In 2012, the variable annuity was the only class of security for which arbitration claims increased, with 220 cases filed that year, according to data from the Financial Industry Regulatory Authority Inc. Last year, through November, 165 such cases were filed, surpassed only by cases involving two very popular forms of investment--common stock and mutual funds. It represented a 20% decline in variable annuity cases from the same period in 2012, but stock and mutual fund cases dropped at a faster rate.

A kind of insurance product, a variable annuity offers a guaranteed future payout in return for paying into an account now, and the payout can swell if investments in the account perform well over time. Besides offering customers some security in terms of future income, the arrangement often has tax advantages. But the terms are complex and often hard for a customer to understand, and the investor's money is usually tied up for many years, with hefty surrender fees.

Brokers who sell them can earn big commissions and, according to investors' lawyers, too often target people for whom they aren't suitable, including many elderly customers.

Because the product has many critics, some brokers even avoid using the product's formal name when pitching it to clients, said Ms. Nygaard, who is with the firm Kenner Schmitt Nygaard LLC. "The word annuity is not used, because the word annuity is poison," she said.

Finra, which regulates the brokerage industry and manages the arbitration forum where customer disputes are heard, said it is aware of the issue.

Variable annuities remain "very much a focus," Finra Chairman and Chief Executive Richard Ketchum said in an interview last week. "Annuities continue to get more complex" and the risks in selling them to senior investors remain substantial, he added.

Robert Cox was one of those investors who demanded his money back. In October an arbitration panel awarded him $111,824, forcing Ameriprise Financial Services Inc. (AMP) to relinquish his variable annuity at no cost and return fees tied to the investment. The company couldn't be immediately reach for comment.

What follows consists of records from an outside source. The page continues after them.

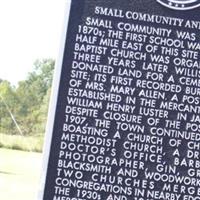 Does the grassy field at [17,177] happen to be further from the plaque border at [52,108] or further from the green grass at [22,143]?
the plaque border at [52,108]

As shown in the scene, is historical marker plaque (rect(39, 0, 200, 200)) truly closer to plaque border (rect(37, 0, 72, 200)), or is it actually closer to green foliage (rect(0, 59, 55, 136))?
plaque border (rect(37, 0, 72, 200))

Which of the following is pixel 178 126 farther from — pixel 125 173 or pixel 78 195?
pixel 78 195

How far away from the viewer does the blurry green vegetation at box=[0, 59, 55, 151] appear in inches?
1561

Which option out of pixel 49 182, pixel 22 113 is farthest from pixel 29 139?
pixel 49 182

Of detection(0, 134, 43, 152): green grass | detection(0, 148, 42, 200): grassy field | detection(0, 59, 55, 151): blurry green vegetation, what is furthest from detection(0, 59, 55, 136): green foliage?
detection(0, 148, 42, 200): grassy field

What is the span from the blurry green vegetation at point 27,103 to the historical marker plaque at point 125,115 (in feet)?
107

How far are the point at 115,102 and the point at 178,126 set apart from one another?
656 mm

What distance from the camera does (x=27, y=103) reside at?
39.7m

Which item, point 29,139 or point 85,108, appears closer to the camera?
point 85,108

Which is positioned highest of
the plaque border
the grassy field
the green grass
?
the plaque border

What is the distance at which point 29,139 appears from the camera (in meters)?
37.4

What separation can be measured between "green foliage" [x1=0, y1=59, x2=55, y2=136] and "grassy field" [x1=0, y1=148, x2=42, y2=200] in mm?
8233

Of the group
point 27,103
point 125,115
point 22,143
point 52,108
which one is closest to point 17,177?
point 52,108

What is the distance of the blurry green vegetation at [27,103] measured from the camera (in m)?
39.7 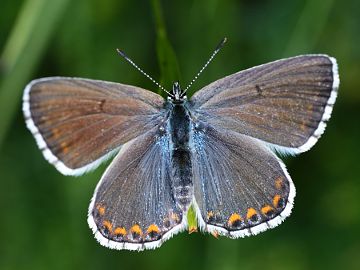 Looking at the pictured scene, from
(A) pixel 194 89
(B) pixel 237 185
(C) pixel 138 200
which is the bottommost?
(C) pixel 138 200

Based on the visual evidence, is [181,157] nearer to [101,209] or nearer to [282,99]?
[101,209]

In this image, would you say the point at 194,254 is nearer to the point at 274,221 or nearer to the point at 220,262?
the point at 220,262

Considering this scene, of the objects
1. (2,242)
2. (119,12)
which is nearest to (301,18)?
(119,12)

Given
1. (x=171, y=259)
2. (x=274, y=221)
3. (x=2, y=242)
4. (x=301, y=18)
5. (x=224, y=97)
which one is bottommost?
(x=2, y=242)

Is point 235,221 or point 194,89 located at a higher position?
point 194,89

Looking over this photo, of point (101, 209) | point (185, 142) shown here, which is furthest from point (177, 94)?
point (101, 209)

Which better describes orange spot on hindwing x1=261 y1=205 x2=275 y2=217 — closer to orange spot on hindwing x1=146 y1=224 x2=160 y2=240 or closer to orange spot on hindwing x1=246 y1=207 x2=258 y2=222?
orange spot on hindwing x1=246 y1=207 x2=258 y2=222

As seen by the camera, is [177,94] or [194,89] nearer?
[177,94]

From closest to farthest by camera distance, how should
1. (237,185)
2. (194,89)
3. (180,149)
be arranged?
(237,185) < (180,149) < (194,89) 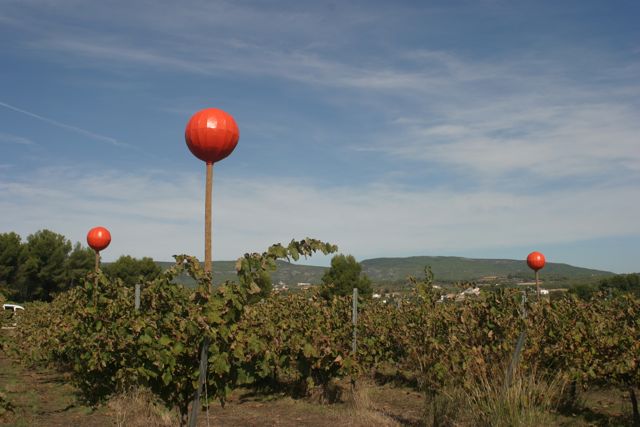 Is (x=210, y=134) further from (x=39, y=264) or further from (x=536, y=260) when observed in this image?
(x=39, y=264)

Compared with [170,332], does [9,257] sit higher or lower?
higher

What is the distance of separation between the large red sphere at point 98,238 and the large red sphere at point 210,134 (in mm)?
6094

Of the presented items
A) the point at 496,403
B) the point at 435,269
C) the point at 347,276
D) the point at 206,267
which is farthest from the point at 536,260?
the point at 435,269

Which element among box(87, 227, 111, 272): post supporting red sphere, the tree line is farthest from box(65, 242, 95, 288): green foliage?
box(87, 227, 111, 272): post supporting red sphere

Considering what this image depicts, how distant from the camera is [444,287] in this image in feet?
25.6

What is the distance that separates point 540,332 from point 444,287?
1402mm

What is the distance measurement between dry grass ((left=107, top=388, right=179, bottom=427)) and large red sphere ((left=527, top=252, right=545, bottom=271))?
9513 mm

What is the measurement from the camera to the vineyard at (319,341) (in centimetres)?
393

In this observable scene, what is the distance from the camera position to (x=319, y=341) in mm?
8180

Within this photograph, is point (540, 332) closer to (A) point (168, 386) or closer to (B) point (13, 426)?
(A) point (168, 386)

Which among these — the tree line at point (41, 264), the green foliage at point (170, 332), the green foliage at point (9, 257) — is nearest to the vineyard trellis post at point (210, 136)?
the green foliage at point (170, 332)

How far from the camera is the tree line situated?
38.8 metres

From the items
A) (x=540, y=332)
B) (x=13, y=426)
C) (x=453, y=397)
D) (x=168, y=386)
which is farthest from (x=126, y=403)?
(x=540, y=332)

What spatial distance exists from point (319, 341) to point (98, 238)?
490 centimetres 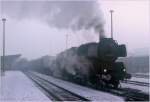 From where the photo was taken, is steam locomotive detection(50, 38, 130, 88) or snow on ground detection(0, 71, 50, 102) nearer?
snow on ground detection(0, 71, 50, 102)

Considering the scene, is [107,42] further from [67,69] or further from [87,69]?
[67,69]

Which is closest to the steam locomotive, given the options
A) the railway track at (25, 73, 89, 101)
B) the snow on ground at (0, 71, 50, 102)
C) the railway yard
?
the railway yard

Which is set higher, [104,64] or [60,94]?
[104,64]

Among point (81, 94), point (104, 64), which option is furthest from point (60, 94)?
point (104, 64)

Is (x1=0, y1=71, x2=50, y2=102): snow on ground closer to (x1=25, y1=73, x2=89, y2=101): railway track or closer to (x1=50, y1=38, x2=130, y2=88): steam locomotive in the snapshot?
(x1=25, y1=73, x2=89, y2=101): railway track

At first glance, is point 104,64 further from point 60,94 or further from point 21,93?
point 21,93

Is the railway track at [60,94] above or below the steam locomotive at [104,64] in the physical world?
below

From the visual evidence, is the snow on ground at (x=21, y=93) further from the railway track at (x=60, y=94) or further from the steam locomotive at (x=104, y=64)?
the steam locomotive at (x=104, y=64)

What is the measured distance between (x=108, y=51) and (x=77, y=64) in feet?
15.7

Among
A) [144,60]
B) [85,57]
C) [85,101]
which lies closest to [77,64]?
[85,57]

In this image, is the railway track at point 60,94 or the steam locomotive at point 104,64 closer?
the railway track at point 60,94

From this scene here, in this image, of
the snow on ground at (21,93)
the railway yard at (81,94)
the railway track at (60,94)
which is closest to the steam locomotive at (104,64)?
the railway yard at (81,94)

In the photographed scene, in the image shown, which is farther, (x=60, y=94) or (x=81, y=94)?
(x=60, y=94)

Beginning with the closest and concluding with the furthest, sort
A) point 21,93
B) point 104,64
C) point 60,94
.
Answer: point 60,94, point 21,93, point 104,64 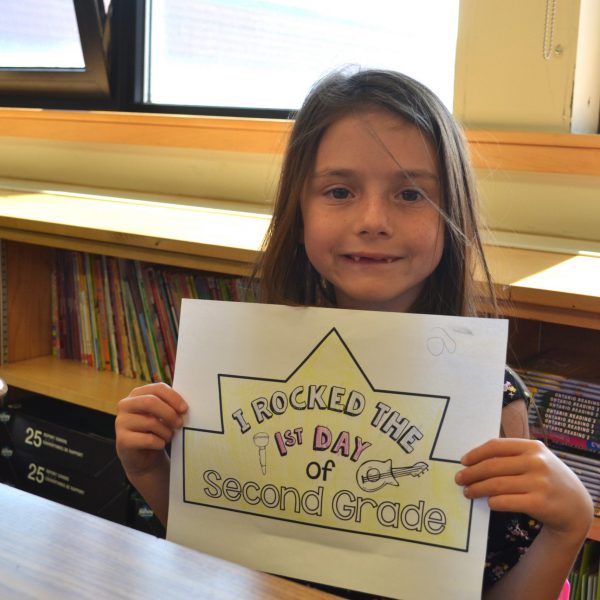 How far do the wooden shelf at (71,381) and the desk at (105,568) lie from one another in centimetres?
108

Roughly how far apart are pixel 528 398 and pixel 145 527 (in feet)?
3.38

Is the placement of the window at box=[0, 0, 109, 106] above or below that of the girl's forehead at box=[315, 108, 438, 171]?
above

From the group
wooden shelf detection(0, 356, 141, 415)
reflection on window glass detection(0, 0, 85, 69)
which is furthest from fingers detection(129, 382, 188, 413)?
reflection on window glass detection(0, 0, 85, 69)

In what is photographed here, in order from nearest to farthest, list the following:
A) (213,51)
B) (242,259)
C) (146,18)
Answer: (242,259), (213,51), (146,18)

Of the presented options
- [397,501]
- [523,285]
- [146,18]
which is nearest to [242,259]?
[523,285]

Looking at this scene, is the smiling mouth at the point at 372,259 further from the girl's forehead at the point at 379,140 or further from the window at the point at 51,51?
the window at the point at 51,51

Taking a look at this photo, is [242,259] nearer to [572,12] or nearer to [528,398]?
[528,398]

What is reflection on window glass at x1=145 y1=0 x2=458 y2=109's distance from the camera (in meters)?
1.89

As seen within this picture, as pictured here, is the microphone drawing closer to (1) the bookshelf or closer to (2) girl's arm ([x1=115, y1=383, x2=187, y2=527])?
(2) girl's arm ([x1=115, y1=383, x2=187, y2=527])

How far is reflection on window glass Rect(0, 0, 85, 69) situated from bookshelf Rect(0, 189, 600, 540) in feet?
2.28

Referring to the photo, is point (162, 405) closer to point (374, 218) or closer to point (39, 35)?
point (374, 218)

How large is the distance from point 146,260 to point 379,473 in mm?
929

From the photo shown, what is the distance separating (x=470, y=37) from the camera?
1.67 metres

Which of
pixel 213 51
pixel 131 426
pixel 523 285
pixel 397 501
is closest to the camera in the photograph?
pixel 397 501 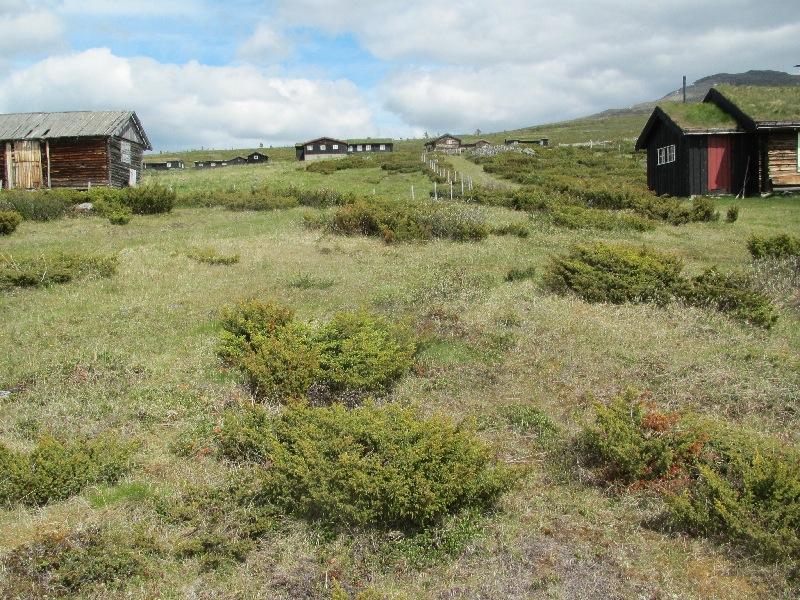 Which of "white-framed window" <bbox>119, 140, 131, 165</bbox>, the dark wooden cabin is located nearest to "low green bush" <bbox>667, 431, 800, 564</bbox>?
"white-framed window" <bbox>119, 140, 131, 165</bbox>

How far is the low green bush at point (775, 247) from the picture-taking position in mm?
13562

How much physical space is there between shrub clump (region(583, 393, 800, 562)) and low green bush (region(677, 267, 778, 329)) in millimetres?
3902

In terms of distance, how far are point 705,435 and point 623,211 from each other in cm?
1737

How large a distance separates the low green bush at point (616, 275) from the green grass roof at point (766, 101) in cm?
1652

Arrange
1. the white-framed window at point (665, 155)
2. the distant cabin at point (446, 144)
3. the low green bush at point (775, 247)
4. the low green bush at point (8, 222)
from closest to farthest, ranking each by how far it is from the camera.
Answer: the low green bush at point (775, 247), the low green bush at point (8, 222), the white-framed window at point (665, 155), the distant cabin at point (446, 144)

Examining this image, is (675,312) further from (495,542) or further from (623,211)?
(623,211)

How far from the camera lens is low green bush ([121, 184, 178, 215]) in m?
24.3

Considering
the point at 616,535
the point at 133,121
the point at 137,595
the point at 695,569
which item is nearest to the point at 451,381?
the point at 616,535

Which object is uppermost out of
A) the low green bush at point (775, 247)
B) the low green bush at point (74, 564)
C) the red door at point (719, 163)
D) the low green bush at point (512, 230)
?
the red door at point (719, 163)

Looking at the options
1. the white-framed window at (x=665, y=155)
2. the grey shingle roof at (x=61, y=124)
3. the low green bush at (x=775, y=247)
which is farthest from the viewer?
the grey shingle roof at (x=61, y=124)

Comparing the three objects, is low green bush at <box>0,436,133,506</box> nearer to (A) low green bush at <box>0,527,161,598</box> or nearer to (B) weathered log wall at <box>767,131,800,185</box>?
(A) low green bush at <box>0,527,161,598</box>

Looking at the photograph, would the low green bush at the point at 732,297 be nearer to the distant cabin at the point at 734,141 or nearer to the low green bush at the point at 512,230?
the low green bush at the point at 512,230

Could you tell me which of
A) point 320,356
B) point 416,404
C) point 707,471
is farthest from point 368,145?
point 707,471

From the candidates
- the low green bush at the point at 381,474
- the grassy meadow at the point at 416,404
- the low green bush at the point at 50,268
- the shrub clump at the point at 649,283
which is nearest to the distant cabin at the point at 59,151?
the grassy meadow at the point at 416,404
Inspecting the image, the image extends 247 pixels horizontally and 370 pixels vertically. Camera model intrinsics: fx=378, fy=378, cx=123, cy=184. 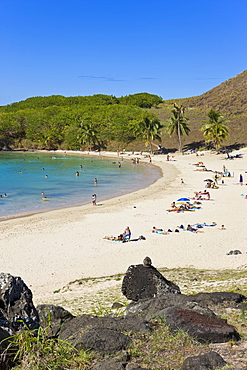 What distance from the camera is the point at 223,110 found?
3706 inches

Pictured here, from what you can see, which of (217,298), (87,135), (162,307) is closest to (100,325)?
(162,307)

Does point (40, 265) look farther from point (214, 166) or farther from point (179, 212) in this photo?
point (214, 166)

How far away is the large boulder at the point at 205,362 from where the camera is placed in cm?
460

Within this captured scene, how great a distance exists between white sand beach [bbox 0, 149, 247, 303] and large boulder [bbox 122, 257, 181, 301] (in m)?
4.21

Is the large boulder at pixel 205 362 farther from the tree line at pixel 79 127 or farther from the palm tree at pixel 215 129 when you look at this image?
the tree line at pixel 79 127

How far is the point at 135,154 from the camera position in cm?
7731

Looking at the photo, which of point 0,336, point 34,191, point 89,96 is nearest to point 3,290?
point 0,336

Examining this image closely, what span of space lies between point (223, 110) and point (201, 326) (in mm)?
93815

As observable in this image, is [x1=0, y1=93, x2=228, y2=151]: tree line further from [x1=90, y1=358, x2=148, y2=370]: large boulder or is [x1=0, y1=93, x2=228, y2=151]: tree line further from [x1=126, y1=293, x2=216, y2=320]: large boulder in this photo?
[x1=90, y1=358, x2=148, y2=370]: large boulder

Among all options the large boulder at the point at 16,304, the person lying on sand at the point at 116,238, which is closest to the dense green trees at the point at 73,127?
the person lying on sand at the point at 116,238

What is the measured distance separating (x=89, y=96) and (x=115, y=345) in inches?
5353

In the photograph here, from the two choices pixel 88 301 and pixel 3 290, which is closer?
pixel 3 290

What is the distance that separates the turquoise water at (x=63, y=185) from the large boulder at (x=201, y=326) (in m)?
23.3

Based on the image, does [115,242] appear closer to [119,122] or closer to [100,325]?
[100,325]
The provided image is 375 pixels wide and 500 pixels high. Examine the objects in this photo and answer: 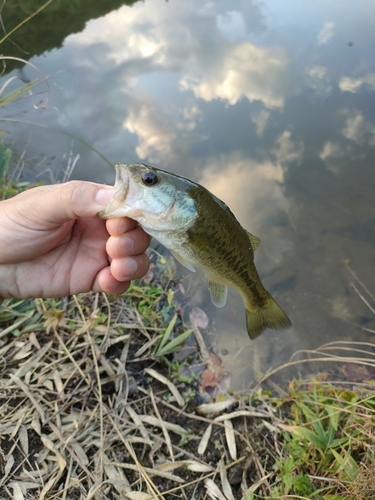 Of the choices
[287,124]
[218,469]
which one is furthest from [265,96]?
[218,469]

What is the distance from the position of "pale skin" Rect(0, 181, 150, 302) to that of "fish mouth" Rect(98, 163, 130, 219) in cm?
7

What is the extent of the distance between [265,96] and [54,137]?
13.4 ft

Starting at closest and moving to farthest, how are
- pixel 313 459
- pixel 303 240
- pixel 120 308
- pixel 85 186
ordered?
pixel 85 186 → pixel 313 459 → pixel 120 308 → pixel 303 240

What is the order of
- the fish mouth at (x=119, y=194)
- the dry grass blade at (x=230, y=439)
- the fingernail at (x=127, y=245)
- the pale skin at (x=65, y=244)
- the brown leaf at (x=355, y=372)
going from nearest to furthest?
the fish mouth at (x=119, y=194) → the pale skin at (x=65, y=244) → the fingernail at (x=127, y=245) → the dry grass blade at (x=230, y=439) → the brown leaf at (x=355, y=372)

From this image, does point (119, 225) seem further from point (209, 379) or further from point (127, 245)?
point (209, 379)

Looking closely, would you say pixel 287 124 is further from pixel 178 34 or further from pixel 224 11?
pixel 224 11

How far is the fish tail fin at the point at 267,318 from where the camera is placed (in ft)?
8.30

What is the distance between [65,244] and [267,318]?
5.14ft

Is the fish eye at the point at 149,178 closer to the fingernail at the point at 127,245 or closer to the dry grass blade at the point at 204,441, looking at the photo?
the fingernail at the point at 127,245

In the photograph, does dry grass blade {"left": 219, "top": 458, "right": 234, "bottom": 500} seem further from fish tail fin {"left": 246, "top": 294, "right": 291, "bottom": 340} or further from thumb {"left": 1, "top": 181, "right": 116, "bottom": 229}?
thumb {"left": 1, "top": 181, "right": 116, "bottom": 229}

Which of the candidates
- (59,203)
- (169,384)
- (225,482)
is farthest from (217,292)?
(225,482)

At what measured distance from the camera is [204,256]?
7.13 feet

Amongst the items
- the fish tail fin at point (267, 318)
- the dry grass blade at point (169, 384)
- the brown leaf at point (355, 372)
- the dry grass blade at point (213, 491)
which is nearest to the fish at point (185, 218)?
the fish tail fin at point (267, 318)

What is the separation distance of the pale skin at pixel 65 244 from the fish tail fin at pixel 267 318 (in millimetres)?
825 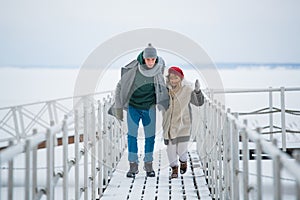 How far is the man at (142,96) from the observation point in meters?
3.27

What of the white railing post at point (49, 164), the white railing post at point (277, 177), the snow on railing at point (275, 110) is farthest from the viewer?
the snow on railing at point (275, 110)

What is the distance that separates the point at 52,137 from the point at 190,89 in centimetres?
169

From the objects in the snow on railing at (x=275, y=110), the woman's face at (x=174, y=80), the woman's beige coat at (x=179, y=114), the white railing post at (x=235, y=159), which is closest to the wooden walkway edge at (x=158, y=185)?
the woman's beige coat at (x=179, y=114)

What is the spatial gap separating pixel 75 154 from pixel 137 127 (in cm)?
103

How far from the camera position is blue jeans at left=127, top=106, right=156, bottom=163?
3.45m

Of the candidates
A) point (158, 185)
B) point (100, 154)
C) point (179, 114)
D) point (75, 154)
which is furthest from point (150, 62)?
point (75, 154)

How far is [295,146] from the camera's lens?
15.5 ft

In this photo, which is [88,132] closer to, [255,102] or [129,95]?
[129,95]

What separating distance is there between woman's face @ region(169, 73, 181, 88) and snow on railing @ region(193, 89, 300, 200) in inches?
14.1

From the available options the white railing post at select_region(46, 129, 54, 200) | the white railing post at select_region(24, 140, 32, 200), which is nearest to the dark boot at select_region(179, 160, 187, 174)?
the white railing post at select_region(46, 129, 54, 200)

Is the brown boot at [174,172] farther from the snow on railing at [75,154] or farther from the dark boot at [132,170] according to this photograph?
the snow on railing at [75,154]

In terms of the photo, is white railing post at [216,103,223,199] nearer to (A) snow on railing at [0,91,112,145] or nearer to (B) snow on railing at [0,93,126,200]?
(B) snow on railing at [0,93,126,200]

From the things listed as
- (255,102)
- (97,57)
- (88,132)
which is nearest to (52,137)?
(88,132)

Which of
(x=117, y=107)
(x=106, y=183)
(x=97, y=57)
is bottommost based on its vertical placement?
(x=106, y=183) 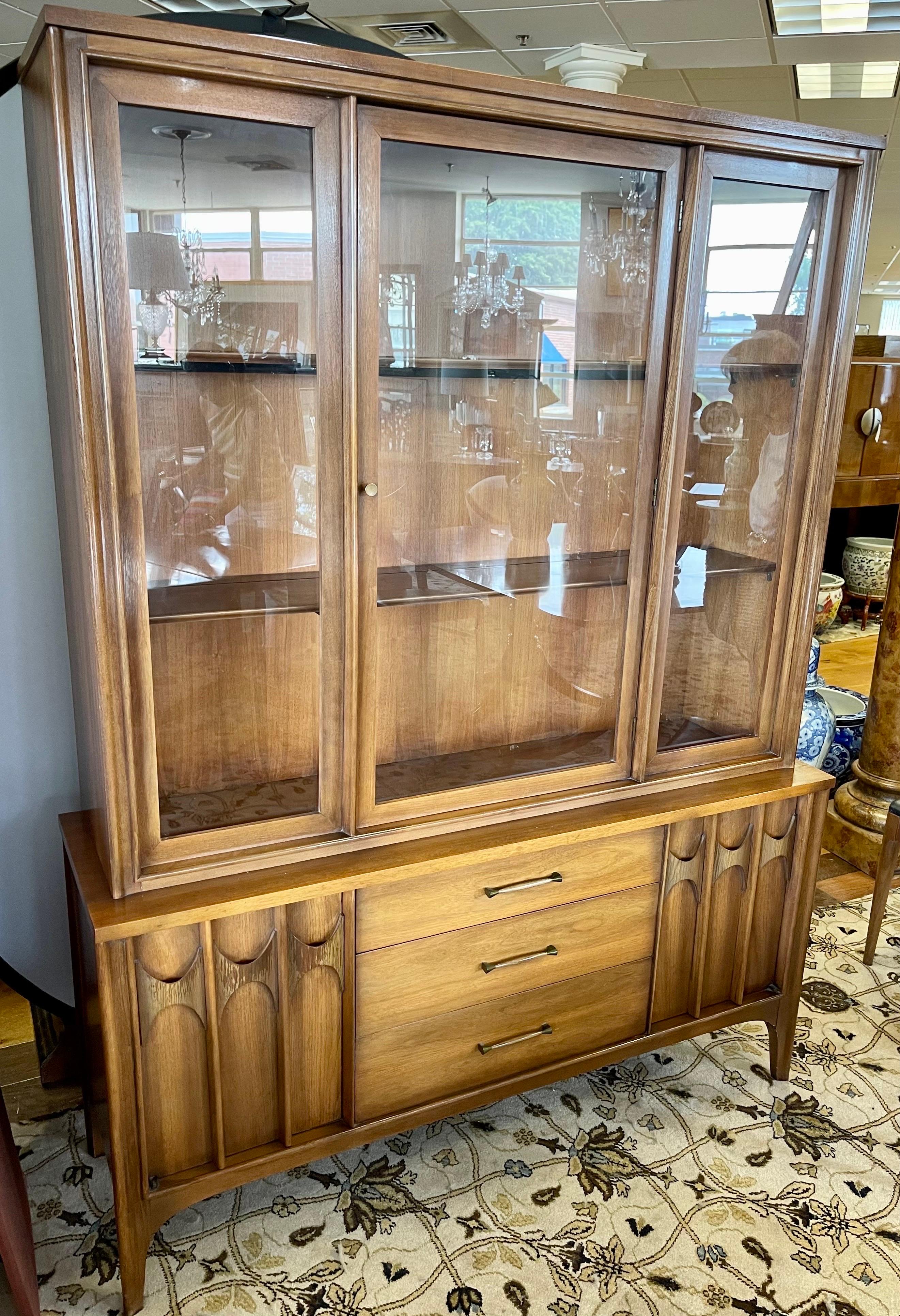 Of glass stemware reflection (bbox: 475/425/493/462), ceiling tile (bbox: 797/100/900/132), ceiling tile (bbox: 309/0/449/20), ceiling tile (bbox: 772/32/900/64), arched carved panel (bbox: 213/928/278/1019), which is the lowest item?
arched carved panel (bbox: 213/928/278/1019)

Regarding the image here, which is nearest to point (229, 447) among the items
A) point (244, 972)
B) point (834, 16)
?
point (244, 972)

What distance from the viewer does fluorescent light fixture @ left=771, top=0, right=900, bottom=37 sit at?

Ms. Nygaard, who represented him, said that almost all of the annuities sold by Mr. Cox's broker were placed into IRA accounts. "That makes no sense," because that cancels out the annuities' tax benefit, she said.

Joseph Spiegel, a lawyer in Ann Arbor, Mich., said he couldn't even determine exactly how much money one of his clients, 69-year-old Patricia Shaw, lost in her retirement account due to her investment in the annuity, because the statements were too "obtuse." The product is "fraught with difficult-to-understand bells and whistles" he said.

Ms. Shaw settled a lawsuit against the insurance company, National Western Life Insurance Co. (NWLI), and a Finra arbitration panel ordered her broker in December to pay her $15,000 in compensation. National Western didn't return a phone call seeking comment.

For brokers, defending a sale of a variable annuity in an arbitration hearing can be difficult, said David Richan, a partner with law firm Baritz & Colman LLP in New York, who represents brokers. "Some arbitration panels don't like them from the get-go," because of their complexity, he said. Panels often "can't see how a client could possibly have understood them."

Cathy Weatherford, the chief executive of the Insured Retirement Institute, an annuities trade group, said in an email statement that variable annuities, along with fixed annuities, "are the only offering on the market that can provide tax-deferred retirement savings, upside growth with downside protection, and guaranteed income throughout one's lifetime." She said nine in 10 annuity owners are at least somewhat satisfied with their annuity-based investment.

Many lawyers suspect the high commissions insurance companies pay brokers to sell the product are the main reasons why too many of them are sold to the wrong customers. Commissions can be as high as 7% or even 10% of the money invested.

Michael Fein, president of CIC Wealth Management, a Baltimore financial advisory firm, believes variable annuities "have a place" in retirement planning and can be useful, particularly for clients in high tax brackets who have maxed out their 401(k) plans. But he worries about the complexity, saying "there are too many moving parts."

"Variable annuities have these really thick prospectuses," he said. "Why are there so many problems with these things? Because the people who represent them don't understand what they are representing."